As for me, recently, I boarded a commercial flight from LaGuardia airport here in town to the Canton Akron airport and had intercourse with half the people in coach and an entire family in business class without even really trying.  Unsatiated, I then boarded a flight bound for Baltimore, during which I banged four flight attendants, fingered three first class passengers, and got a handjob from one member of the ground crew who wasn’t exactly crazy about rules.  It should be noted that I did the exact same thing on the return flight from Baltimore to Akron 45 minutes later, albeit with mostly different people.  The reason for everything I just mentioned is simple- the outfit I had on at the time was really, really great.  I wore a three-piece suit with matching tie and handkerchief and not only did I fucking own Cinnabon before boarding the plane in all three cities, but once we got up to 40,000 feet I was everyone’s clear choice for most bangable fresh-faced boy-next-door type in coach and the TSA couldn’t say shit about it.  I do not attribute any of this to my offbeat good looks, my ability to make light chitchat with just about anybody, or the fact that I smell incredible pretty much all of the time.  It’s simply because- unlike everyone else on the plane- I somehow managed put out a little effort when it came time to get put some goddamn clothes on.  My fellow passengers  appreciated that, and- next thing I knew- I was making sweet, sweet love to a mother of three and her cousin Donna in the airplane restroom for like twenty minutes even though there was a line and the flight attendant with the mustache was kind of being a dick about it.

I realize it is at this point that you are thinking to yourselves, “But Dave, it’s so uncomfortable to get dressed up in fancy outfits all the time.  It’s much easier and more comfortable to simply walk around in sweatpants or Jeggings all day and embrace the fact that we will all be dead soon.”  And to that I say, “Pull yourself together, you selfish prick.  Of course it’s more comfortable to dress like shit.  But while you’re walking around in your coffee and urine-stained sweatpants and free promotional Newport Lights T-shirt, the rest of us are forced to look at you and make peace with the fact that there is just one thin layer of breathable cotton between your asshole and the rest of us and there’s nothing anyone can do about it so we’re all screwed basically.”

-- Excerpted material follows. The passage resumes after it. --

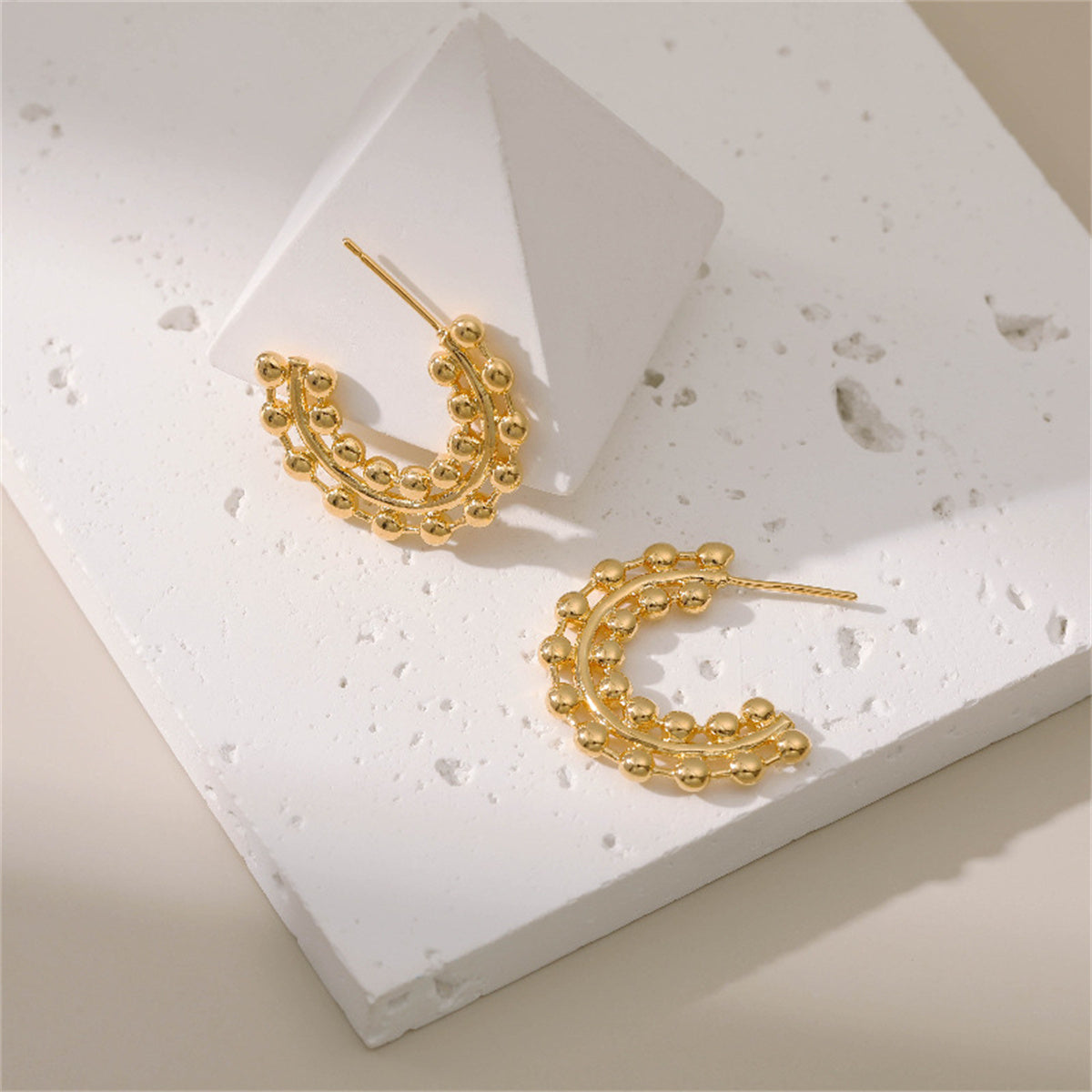 18K Gold-Plated Layered Beaded Huggie Earrings, gold huggie earrings, vintage-inspired design, side view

Tonight I stand before you a man of arts and letters and also with just slightly above average external male genitalia.  The waistband of my pants is too tight, my tie is choking me, and I have draped my torso in so many layers of tactile and inviting fabric that I am in grave danger of having a seizure or at the very least pulling my groin at any moment.  The important thing to remember, however, is I did it all for you, the ridiculously attractive and hopefully open-minded people I see sitting before me here tonight.  I am in a great deal of pain, but if it means giving all of you a little eye candy for a few hours I’m happy to suffer through it.

To my right, sit my debate team partners, who are also looking seriously incredible and making a similar sacrifice just for you.  To my left, sit three selfish bastards, two of whom you no doubt remember from the hit TV series “Ed”, all of whom are basically telling everyone here tonight to go fuck themselves by their manner of dress and also the suggestion that they intend to continue looking like hell for at least the foreseeable future.  Personally, I think all you sexy, sexy people in the audience here tonight deserve better.  Also, I would like to have intercourse with you, you know, if you want.  Thank you.